Dünyanın çevresi 40.010 km. Bu gerçekliğe yakın olarak tahmin eden gökbilimci Eratosten (Eratosthenes; (İÖ; 275-192) olmuştur. Eratosten dünyanın çevresini günümüzden yaklaşık olarak 2200 yıl önce 39.690 km olarak hesaplamıştır.
Aristark (Aristakos İÖ, 3. YY); dünyanın basık bir çember (elips) üzerinde dolaştığını söylemiştir.
Lampsak (Lampsakos İÖ, 3. YY.) dünyanın, üzerinde yaşam taşıyan tek dünya olmadığını söylemiştir.
İ.S.ikinci yüzyılda yaşamış olan Ptolemy (Tolemi) veya Batlamyus; dünya merkezli bir gök modeli geliştirdi.
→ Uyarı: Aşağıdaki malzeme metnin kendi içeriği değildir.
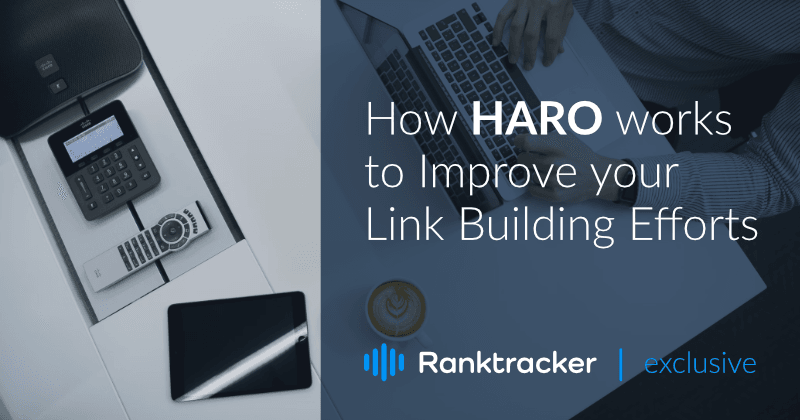 HAROがリンクビルディングを向上させる仕組み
Ay, Güneş ve diğer gezegenlerle birlikte 7 gök cisminden söz ederek, her bir gök cisminin bir küre üzerinde durduğunu belirtmiştir.
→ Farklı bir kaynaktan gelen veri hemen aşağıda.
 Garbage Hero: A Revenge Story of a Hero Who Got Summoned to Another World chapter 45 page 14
1514 yılında Nicholas Copernicus, güneş özekli (merkezli) ve dairsel bir evren modeli ortaya koymuştur.
1609 yılında Galileo güneş merkezli modelin gerçek olduğunu Teleskopla yaptığı gözlem sonucunda ortaya çıkmıştır.
Kepler (1571-1630), evrenin dairesel değil, elips olduğunu belirtmiştir.
1687 yılında Sir İsaac Newton, evrensel çekim yasasını ve cisimlerin devinimini oryaya koyan matematiksel formülasyonu ortaya koymuştur.
Bilim hızla gelişiyordu.
Tüm bu gelişmeler sonucunda bugün de ortaya konan evrensel oluşumla bazı modeller geliştirilmiştir.
Ama bugün en geçerli model Standart Model olarak öne çıkmıştır.
Standart Model: Bu kurama göre, evren geçmişte ve gelecekte, her an ve her noktasında hep aynı görünümdedir. Evren genişledikçe, aradaki boşlukları doldurmak üzere sürekli yeni maddeler oluşur. Evrenin bir başlangıcı ve sonu yoktur.
Standart modele göre Big-Bang sonucu evren genişlemeye başlamıştır. Evren, yapısındaki yoğunluğa bağlı olarak ya sonsuza kadar genişlemeyi sürdürecek ya da kütlesel çekime yenilerek belli bir süre sonucunda çökmeye uğrayacaktır.
Standart Model, evrenin yapı taşlarını ve bunlar arasındaki ilişkileri açıklayan bir modeldir. Buna göre; maddelerin yapı taşları atomlardır. Atomların yapı taşlarıysa atom altı parçacıklardır. Atom altı parçacıklarsa (elektron, pozitron, proton, nötronlardır. Bu temel parçacıklarsa Kuarklardan, leptonlardan vs. meydana gelmiştir. Kuarklar ise en temel olan (pozitif ve negatif) enerjilerden oluşmuşlardır.
“Evrendeki bütün maddeler, en temel parçacıklar olan 12 adet parçacığın birleşmesinden meydana gelmiştir. Bu 12 tane parçacığın 6’sı kuark (proton, nötron s.z), 6’sı ise leptondur (elektron, s.z). Doğadaki her şey kuark ve leptonların birleşmesinden şekillenmiştir. Kuarklar güçlü nükleer kuvvetin etkisi altında, leptonlar ise zayıp nükleer kuvvetin etkisii altındadır. Kuark ve leptonların oluşturdukları birleşimlere “Standart Model” adı verilmiştir.” (H. Yalçın İnan, Kozmos’tan Kuantum’a 1043 üncü Saniye’den Bugün’e, Dorlion Yay. 2018, s. 114).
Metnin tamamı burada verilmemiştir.